DATA SUPPLIED –
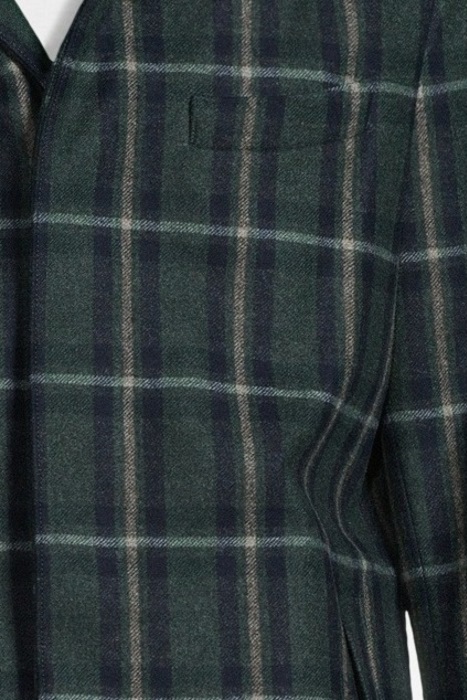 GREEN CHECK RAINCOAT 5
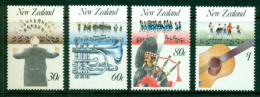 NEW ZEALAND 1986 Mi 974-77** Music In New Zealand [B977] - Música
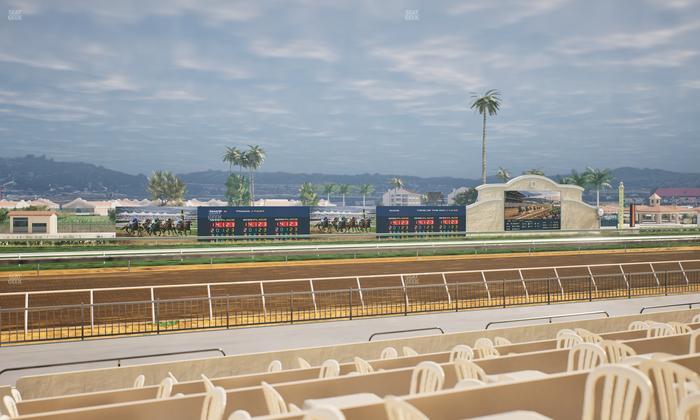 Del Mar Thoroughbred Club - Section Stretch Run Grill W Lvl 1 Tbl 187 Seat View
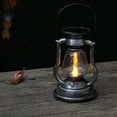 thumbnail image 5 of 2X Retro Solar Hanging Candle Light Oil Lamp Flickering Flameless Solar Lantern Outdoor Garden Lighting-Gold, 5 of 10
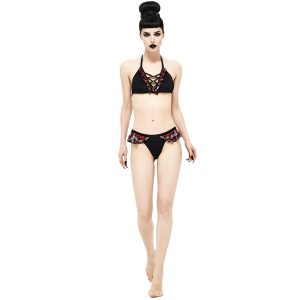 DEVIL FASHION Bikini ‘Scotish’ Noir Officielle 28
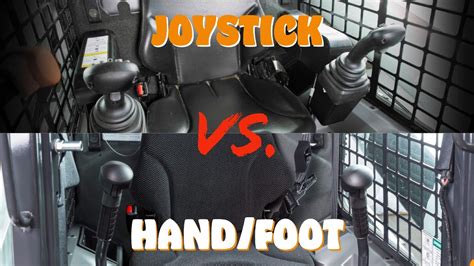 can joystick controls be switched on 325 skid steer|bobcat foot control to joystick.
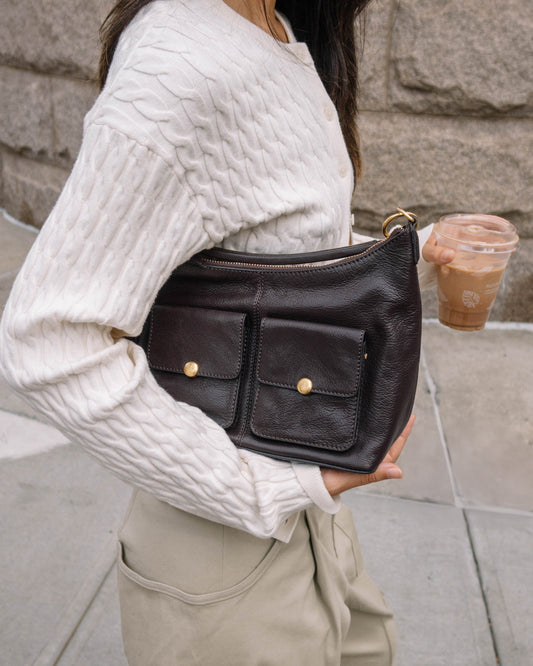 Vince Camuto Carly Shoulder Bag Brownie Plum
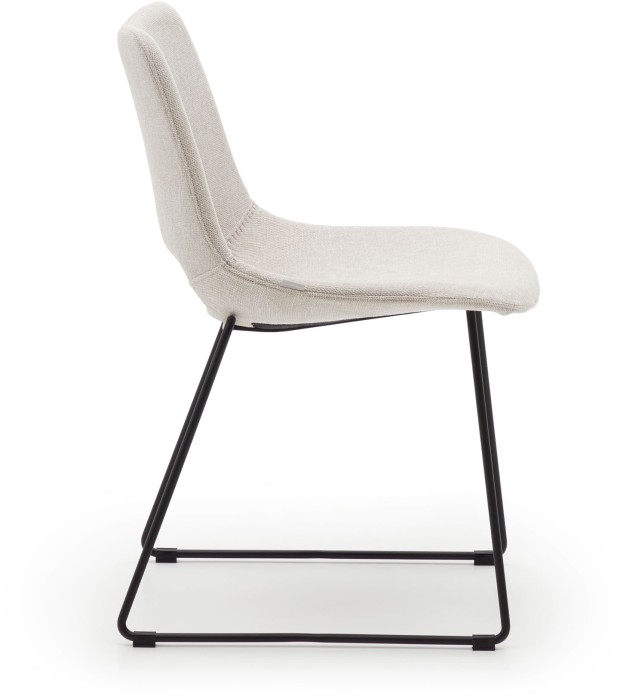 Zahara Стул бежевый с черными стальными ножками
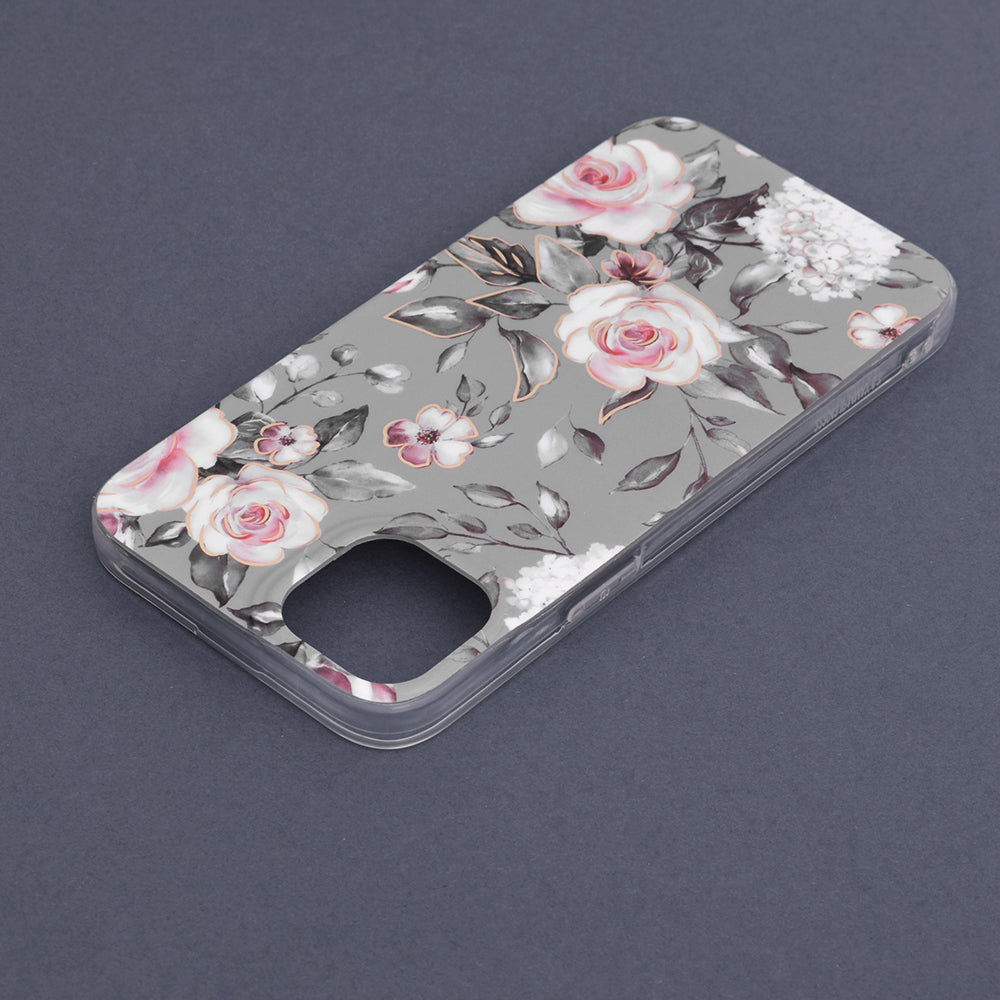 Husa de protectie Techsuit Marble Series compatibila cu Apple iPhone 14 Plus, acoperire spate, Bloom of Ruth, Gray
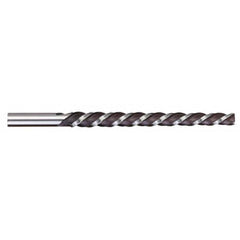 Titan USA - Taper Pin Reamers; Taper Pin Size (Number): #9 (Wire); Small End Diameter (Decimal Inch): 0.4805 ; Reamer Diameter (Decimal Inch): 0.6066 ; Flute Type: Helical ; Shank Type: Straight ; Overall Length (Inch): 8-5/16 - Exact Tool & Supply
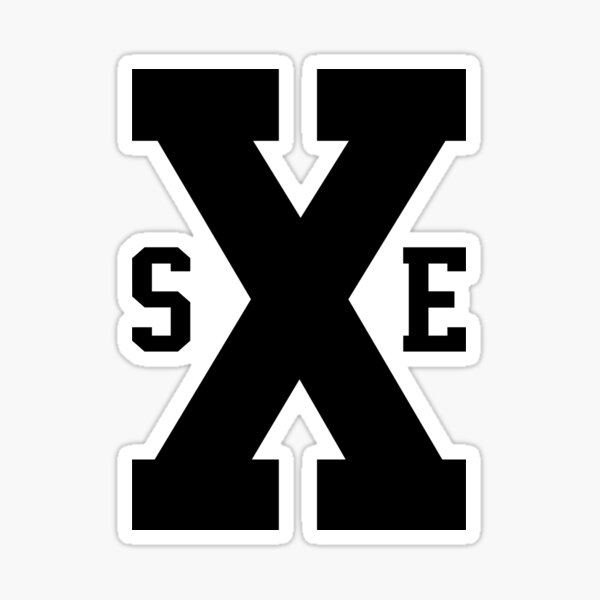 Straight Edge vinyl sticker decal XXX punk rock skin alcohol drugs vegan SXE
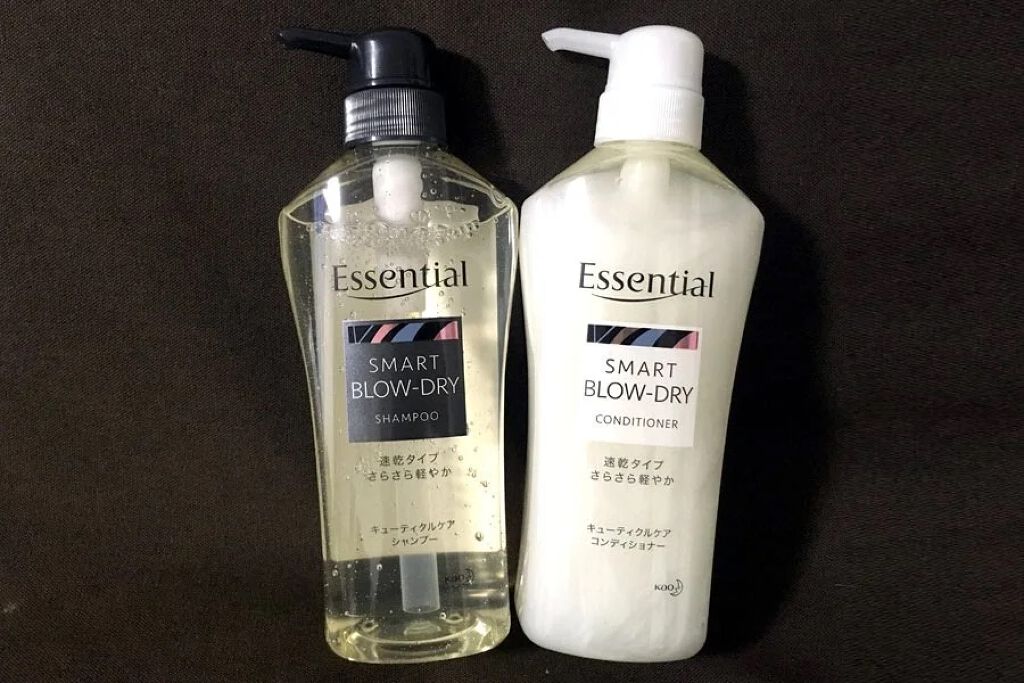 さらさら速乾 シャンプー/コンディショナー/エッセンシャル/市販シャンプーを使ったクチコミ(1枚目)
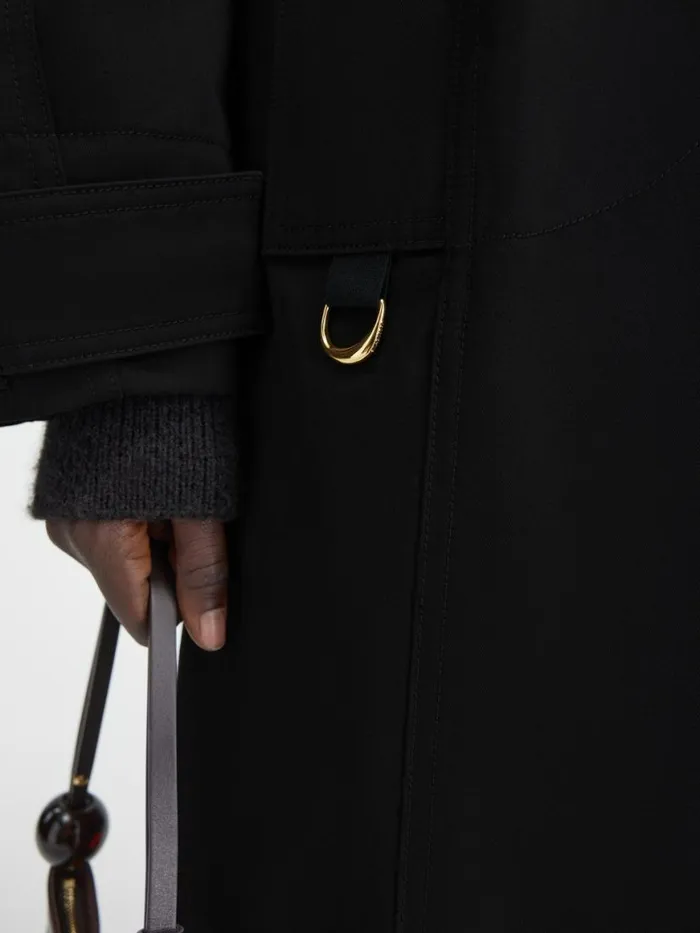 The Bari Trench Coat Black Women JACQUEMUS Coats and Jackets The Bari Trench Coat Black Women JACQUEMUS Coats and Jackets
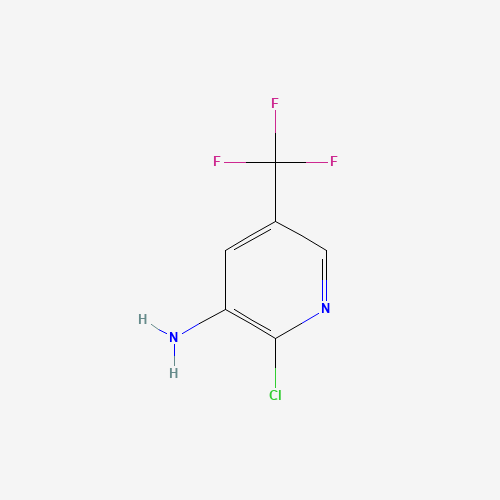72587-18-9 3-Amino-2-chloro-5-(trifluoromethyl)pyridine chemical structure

WHAT THE TASK REQUIRES –
Because the copy must hold no pictures, return only the lines that run from the line containing "Straight Edge vinyl" to the end of the data above, each exactly as it stands.

OUTPUT OF THE TASK –
 Straight Edge vinyl sticker decal XXX punk rock skin alcohol drugs vegan SXE
 さらさら速乾 シャンプー/コンディショナー/エッセンシャル/市販シャンプーを使ったクチコミ(1枚目)
 The Bari Trench Coat Black Women JACQUEMUS Coats and Jackets The Bari Trench Coat Black Women JACQUEMUS Coats and Jackets
72587-18-9 3-Amino-2-chloro-5-(trifluoromethyl)pyridine chemical structure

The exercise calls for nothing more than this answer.